Vous devez être capable de présenter un livre des recettes encaissées si jamais vous étiez contrôlé par l’administration fiscale. Ce document prendra la forme d’un tableau à 6 colonnes et devra contenir :

  • la date d’encaissement des recettes
  • la référence de la facture et éventuellement du devis
  • le nom du client
  • la nature de la prestation
  • le montant de la recette
  • le mode de règlement (chèque, espèces, virement…)

Tenir un registre des achats

Vous êtes concerné par cette obligation comptable uniquement si votre activité d’auto-entrepreneur consiste à :

  • vendre des marchandises, des fournitures et denrées à consommer sur place ou à emporter
  • fournir des prestations d’hébergement.

Le registre des achats doit mentionner :

  • le date de l’achat et sa référence
  • le nom du fournisseur
  • la nature de l'achat et son montant
  • le mode de paiement

Parallèlement, vous devez conserver les tickets de caisse, notes et factures. Ces documents comptables doivent eux aussi être conservés pendant au moins 10 ans.

En tant que micro-entrepreneur, vous êtes libre de choisir la forme que prendront les livres de recettes et d’achats. Vous pouvez opter pour :

  • un livre-comptable papier acheté dans le commerce
  • un modèle officiel tel qu’il peut exister en téléchargement sur internet
  • un logiciel comptable spécifique

Facturer la TVA si vous en êtes redevable En cas de dépassement du plafond de TVA, vous devez la facturer à vos clients, mais également la déclarer à l’État.

En auto-entreprise, vous avez l’obligation de déclarer votre chiffre d'affaires, même si celui-ci est nul. Vous pouvez opter pour une déclaration mensuelle ou trimestrielle, mais dans tous les cas, vous devrez respecter un calendrier précis.
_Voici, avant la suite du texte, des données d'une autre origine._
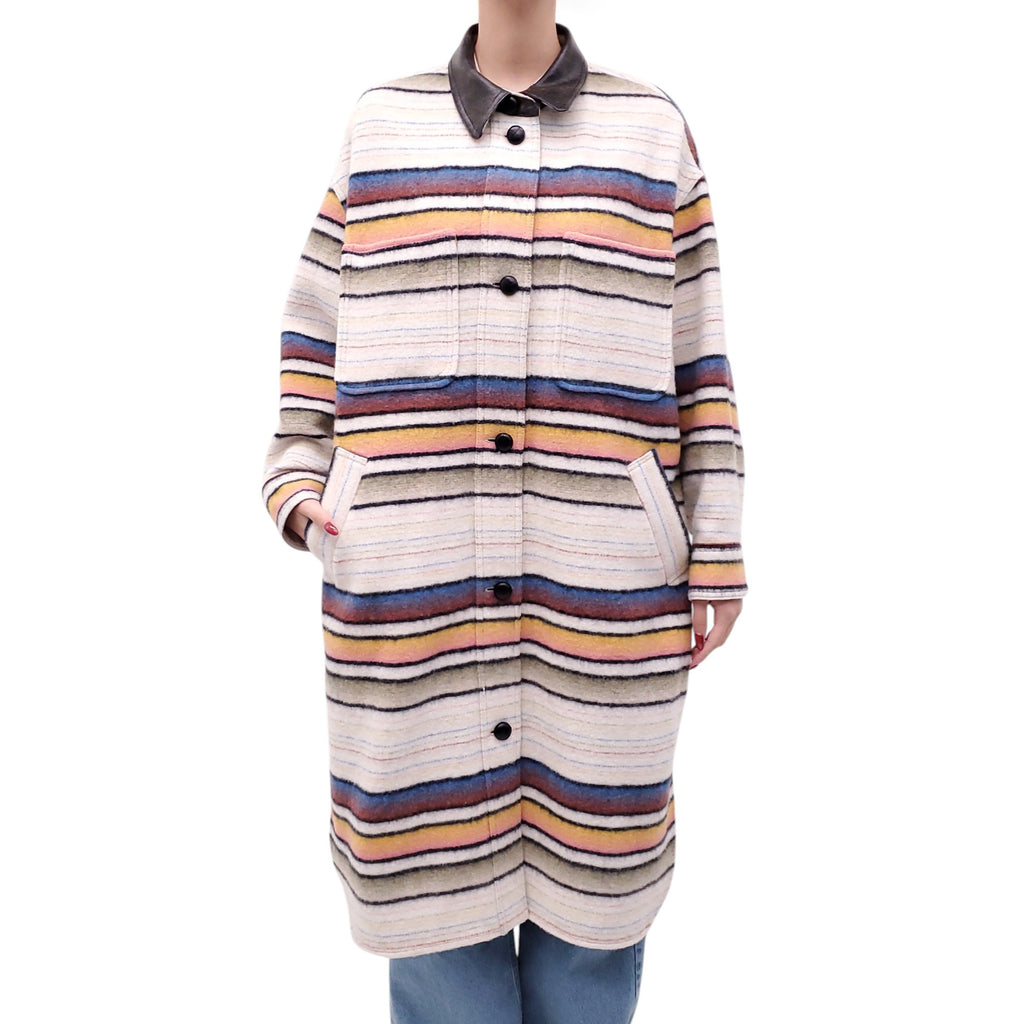 ISABEL MARANT ÉTOILE OVERSIZED WOOL BLEND DJILA COAT - SIZE 0/XS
L’absence de déclaration entraînera le paiement de pénalités.

Médiation de la consommation

Vous vendez des biens ou des services à des clients particuliers en France ou en Europe ? En tant que professionnel, vous devez vous assurer que vos clients ont la possibilité de faire appel à un médiateur de la consommation. Vous êtes concerné quel que soit votre secteur d'activité et quel que soit votre canal de vente (magasin, en ligne ou vente physique).

Conformément à l’article L612-1 du Code de la consommation, la médiation est un processus qui permet à tout consommateur de solliciter gratuitement l'intervention d'un médiateur de la consommation afin de résoudre de manière amiable un litige avec un professionnel.
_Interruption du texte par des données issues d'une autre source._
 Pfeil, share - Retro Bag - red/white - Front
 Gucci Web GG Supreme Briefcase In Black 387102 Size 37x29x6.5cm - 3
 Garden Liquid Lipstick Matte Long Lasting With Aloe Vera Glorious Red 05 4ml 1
Comme seul le client peut recourir à la médiation de la consommation, il est impératif que vous informiez vos clients et prospects de votre adhésion à ce processus.

Il existe différentes options de médiation de consommation, chacune avec ses propres tarifs.

Parallèlement à ces formalités obligatoires, certaines démarches restent conseillées bien que tout à fait facultatives pour les auto-entreprises. Réaliser des devis Les devis sont des documents que vous fournissez avant une mission afin d’en présenter les tarifs. Ils sont conseillés car ils dressent le contenu exhaustif de la nature de votre prestation et évitent les malentendus et ambiguïtés avec votre client. Adhérer à une mutuelle Une mutuelle (ou complémentaire santé) vous permettra d’être mieux remboursé dans votre parcours de soins en cas de maladie ou d’hospitalisation.

En tant qu’autoentrepreneur, vous bénéficiez initialement du régime de franchise en base de TVA, ce qui signifie que vous ne facturez pas de TVA et n’avez pas à la reverser à l’État.